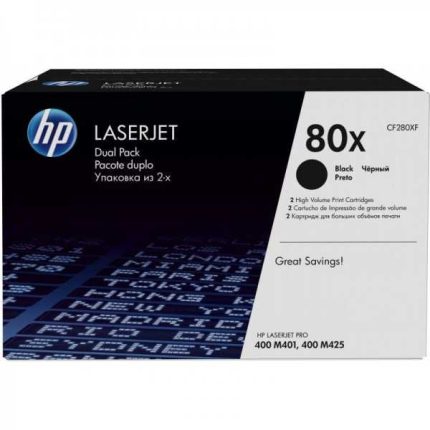 HP 80X Noir (CF280XF) - Pack de 2 toners HP LaserJet d'origine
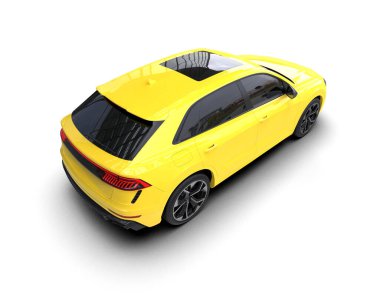 Sarı spor araba. Beyaz arka planda izole edilmiş. 3d oluşturma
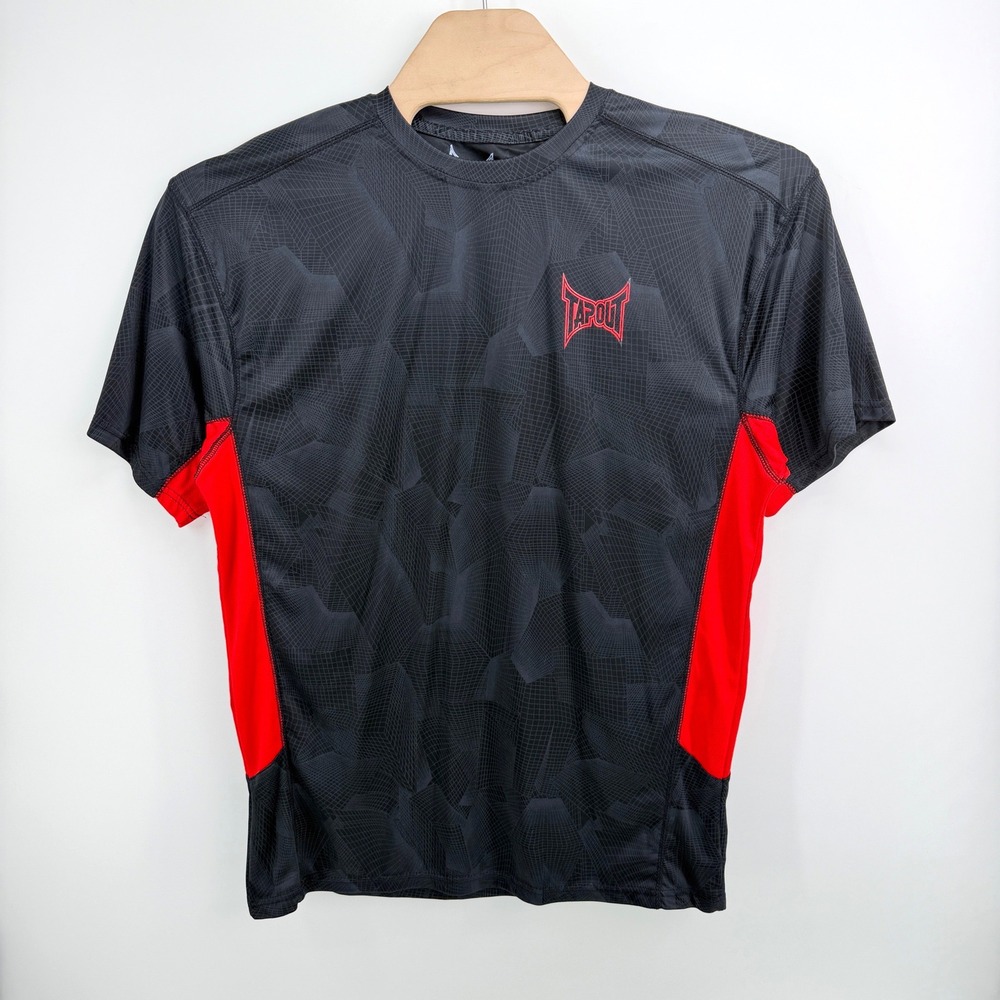 Tapout Performance Shirt XXL Polyester Geometric Grid Black Red MMA Gym Tee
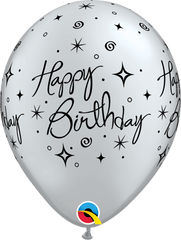 Birthday Elegant Sparkle & Swirls Latex Balloon (Helium/Air Filled) - 11 Inches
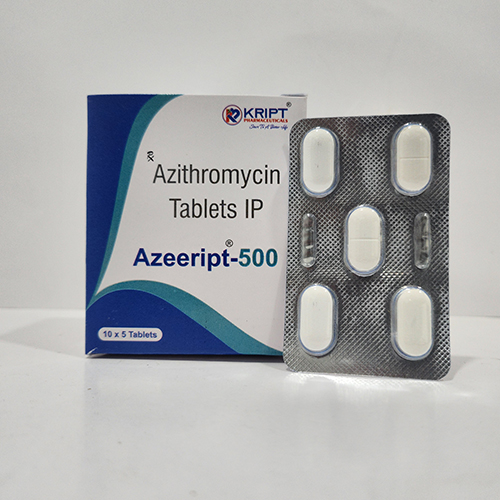 Product Name: Azeeript 500, Compositions of Azeeript 500 are Azithromycin Tablets IP - Kript Pharmaceuticals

----------------

- [WORK INSTRUCTIONS] Restate word for word every line from the one with "Sarı spor araba." up to and including the one with "Birthday Elegant Sparkle" in the records above, minus the pictures.

- [ANSWER FOR THIS EXERCISE]
 Sarı spor araba. Beyaz arka planda izole edilmiş. 3d oluşturma
 Tapout Performance Shirt XXL Polyester Geometric Grid Black Red MMA Gym Tee
 Birthday Elegant Sparkle & Swirls Latex Balloon (Helium/Air Filled) - 11 Inches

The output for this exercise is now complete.